Once you have your source image ArrayBuffer, create a new instance of PngPong with it:
import { PngPong } from 'png-pong';
const pngPong = new PngPong(imageArrayBuffer);
PngPong currently has two transformers available:
The shape transformer allows you to draw rectangles onto an image. Like so:
import { PngPongShapeTransformer } from 'png-pong';
const shape = new PngPongShapeTransformer(pngPong);
// draw a 30px red square 10px from the top and 10px from the left
shape.drawRect(10, 10, 30, 30, [255, 0, 0])
The image copy transformer allows you take portions of one image, and draw them onto another. Like so:
import { PngPongImageCopyTransformer } from './src';
const toCopyFrom = new ArrayBuffer();
const imageCopy = new PngPongImageCopyTransformer(toCopyFrom, pngPong);
// copy a 50x50 image 10px from the top left of the source image,
// and draw it 30px into our target image.
imageCopy.copy(10, 10, 50, 50, 30, 30);
The ImageCopyTransformer also has a color mask option to allow you to recolour the source image.
Once you have your transforms set, just run:
pngPong.run();
and the source ArrayBuffer
will be modified.
An instance of PngPong has a series of hooks available to transformers - onHeader, onPalette and onData.
An example of a custom transformer that draws a blue line across an image at 10px high, 10px from both the left and right edges of the image.

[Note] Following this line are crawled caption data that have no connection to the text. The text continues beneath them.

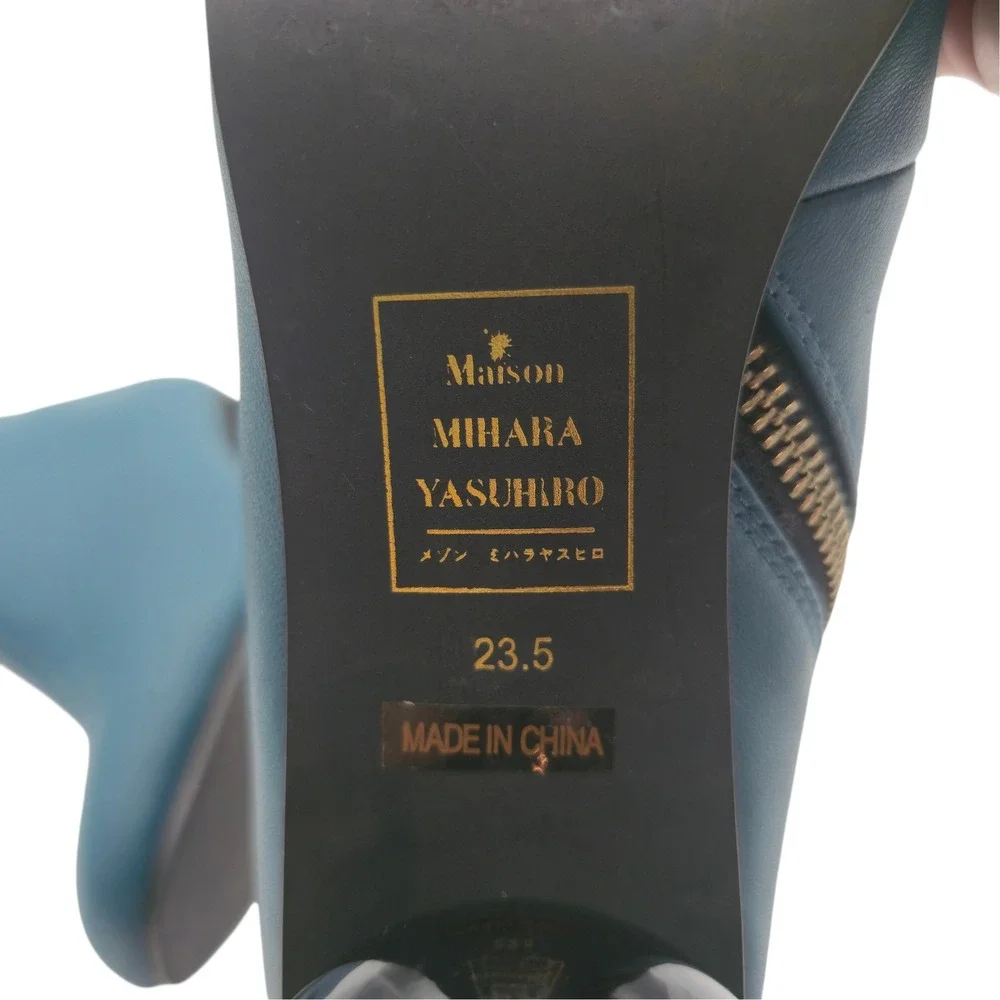 Maison Mihara Yasuhiro Billiard 8 Ball Heel Ankle Boots Teal Leather US‎ 7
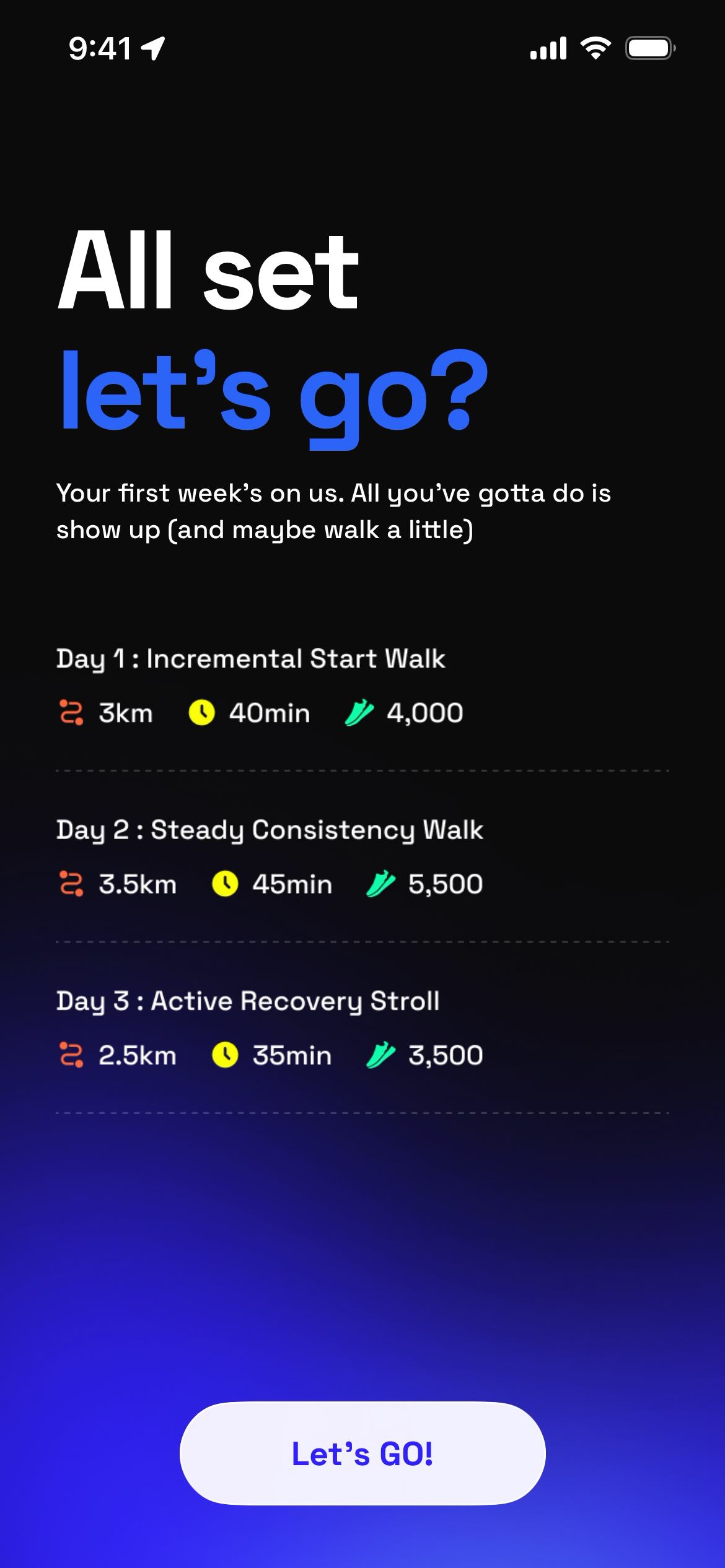 A screen displaying walking plans for a week with goals and durations.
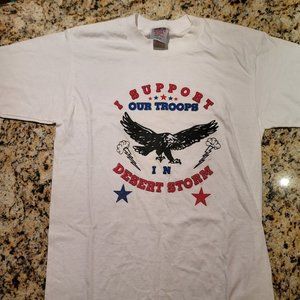 VINTAGE 90s 1991 I Support Our Troops Desert Storm Single Stitch T-Shirt Oneita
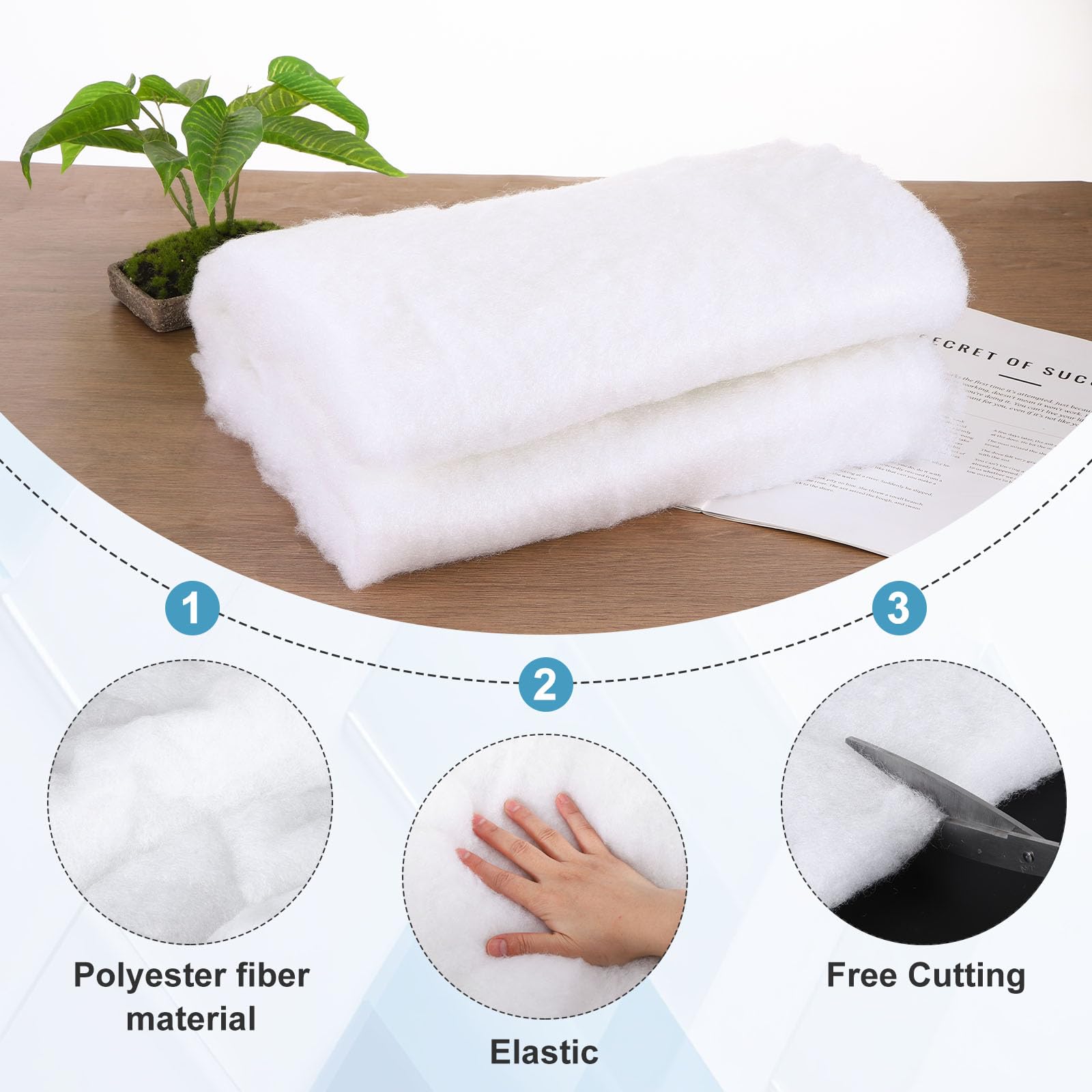QUARKZMAN Ouate Acoustique pour Enceintes Fibre Polyester 100x30x5cm Ignifuge Absorbant Sonore Isolation Interieure Audio Amortissement DIY HiFi Remplacement pour Reparations Enceintes,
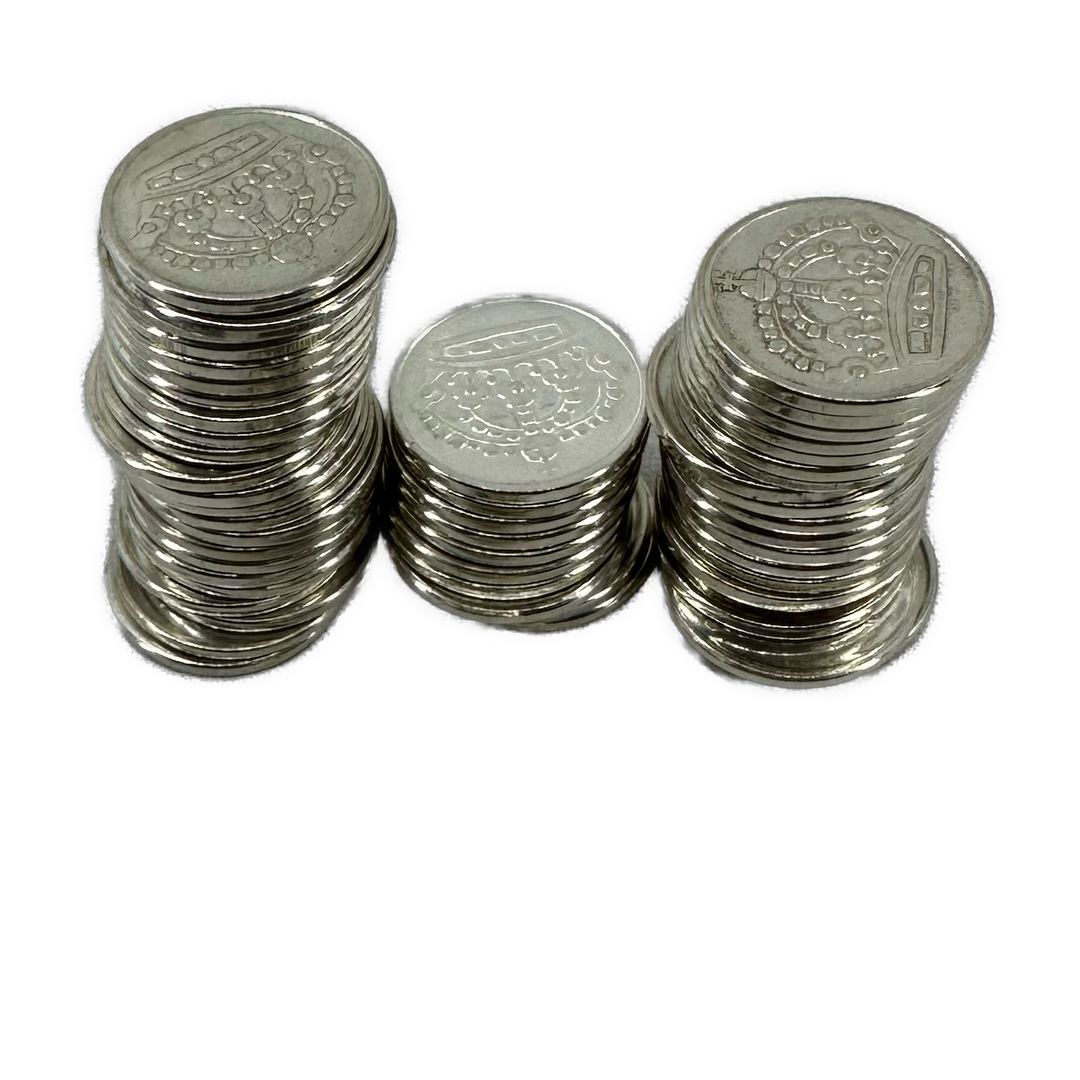 55,5g .999Ag (Net) SPOT 60stk 25 Øre Sverige 1952-1961
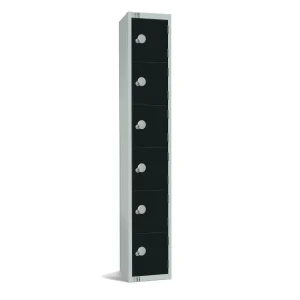 Elite Six Door Coin Return Locker Black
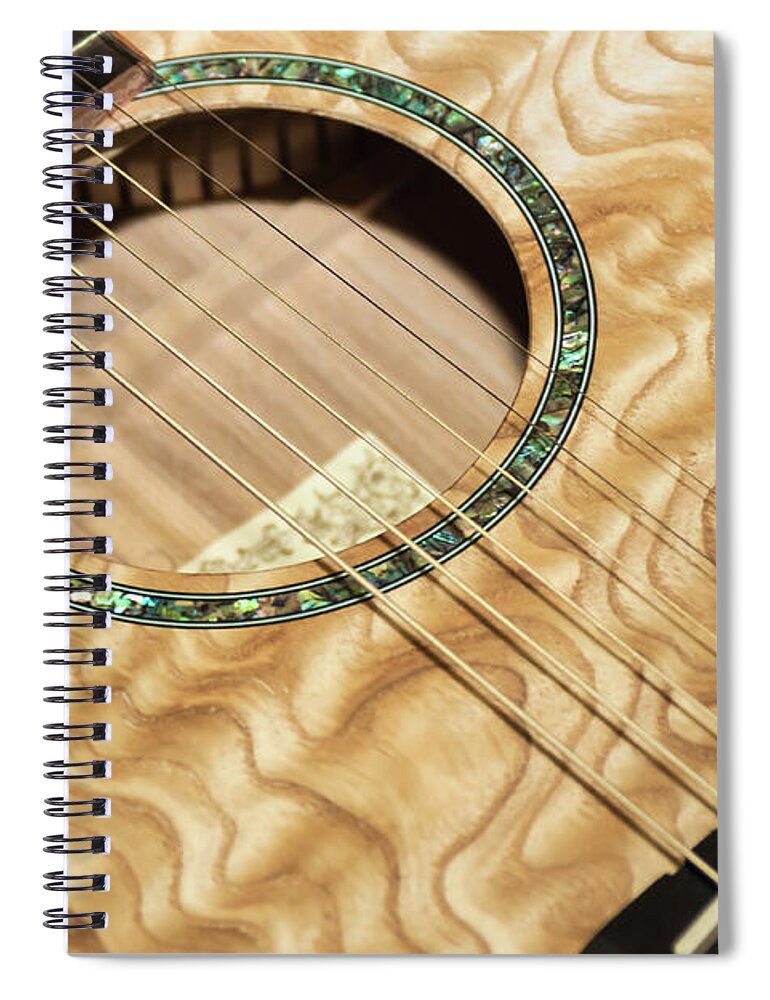 Golden Guitar Spiral Notebook featuring the photograph Pretty Guitar - by Julie Weber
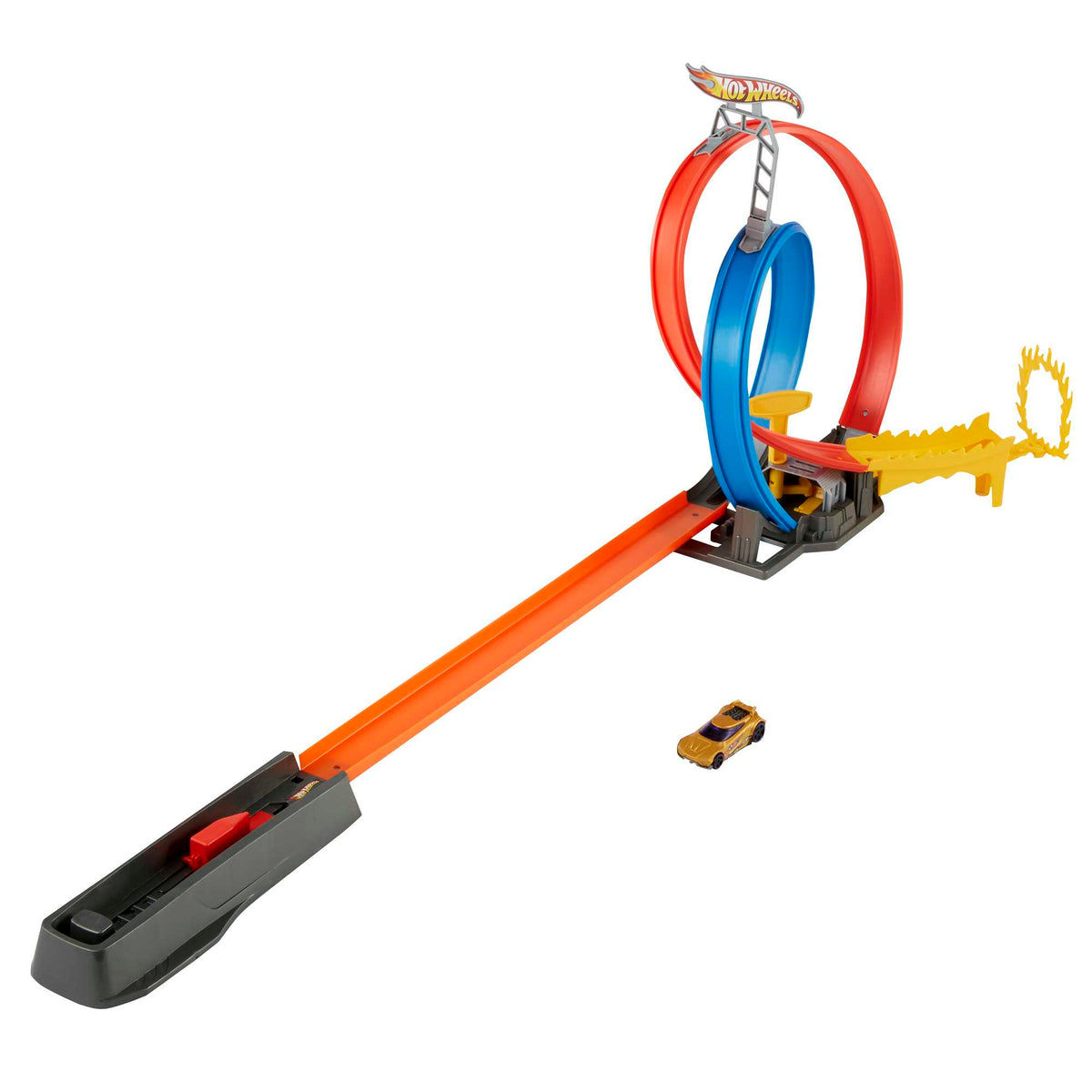 Hot Wheels Enerji Pisti Yarış Seti, Çift Çember ve 1 Hot Wheels Arabası İçerir, 5 Yaş ve Üzeri İçin GND92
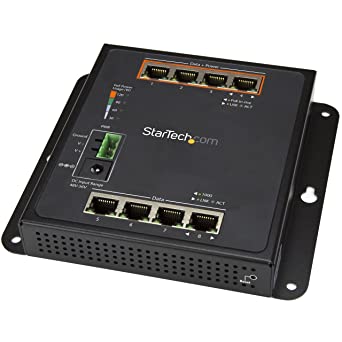 StarTech.com Industrial 8 Port Gigabit PoE Switch - 4 x PoE  30W - Power Over Ethernet - Hardened GbE Layer/L2 Managed Switch - Rugged High Power Gigabit Network Switch IP-30/-40C to  75C (IES81GPOEW)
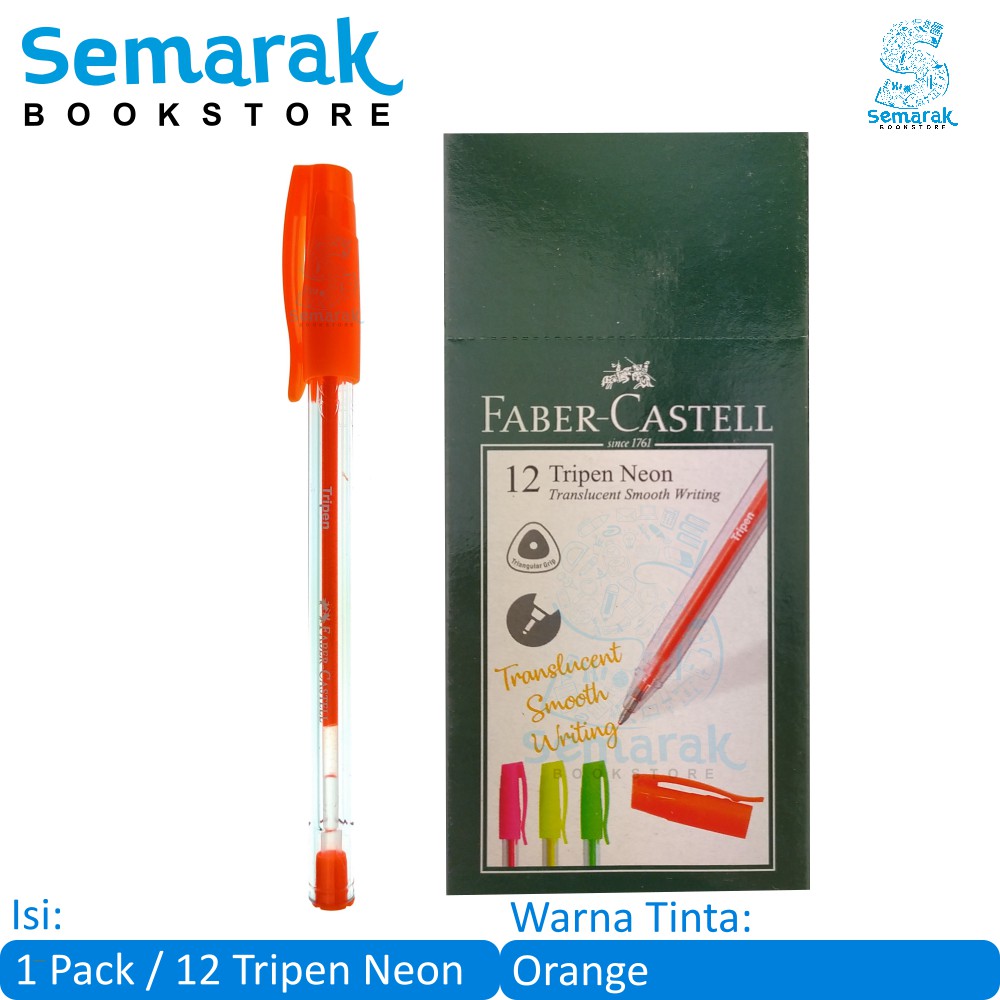 

Faber Castell Tripen Neon Pulpen Warna Neon - Orange [1 Pack / 12 Pcs]
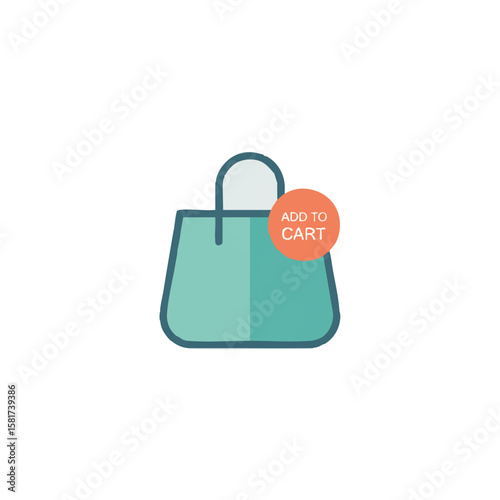 all to cart flat vector icon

const pngPong = new PngPong(arrayBuffer);
let lineStartX, lineEndX;
let paletteIndex;
pngPong.onHeader((header) => {
lineStartX = 10;
lineEndX = header.width - 10;
})
pngPong.onPalette((palette) => {
paletteIndex = palette.addColor([0, 0, 255]);
})
pngPong.onData((array, readOffset, x, y, length) => {
if (y != 10) return;
for (let i = Math.max(lineStartX, x); i < Math.min(lineEndX, length); i++) {
array[readOffset + i] = paletteIndex;
}
})
Important: the data callback specifies an offset and a length. Do not edit the data beyond that length, as you will overwrite block headers or something else that will result in an invalid PNG file.
Also, while the data callback will usually start with an X of zero, it won't always. So be sure you are calculating the correct start position.
To spin up a server showing you the demo page at demo/demo.ts just run:
npm run demo
And go to http://localhost:8080. To run the test suite in Node, run
npm run tests-node
, and in the browser:
npm run tests-web
And go to http://localhost:8080 again.
Loading the ArrayBuffer of an entire image is still very memory intensive. I'm working on a version that uses ReadableStreams (currently available in Chrome) to reduce the amount of memory being used at once.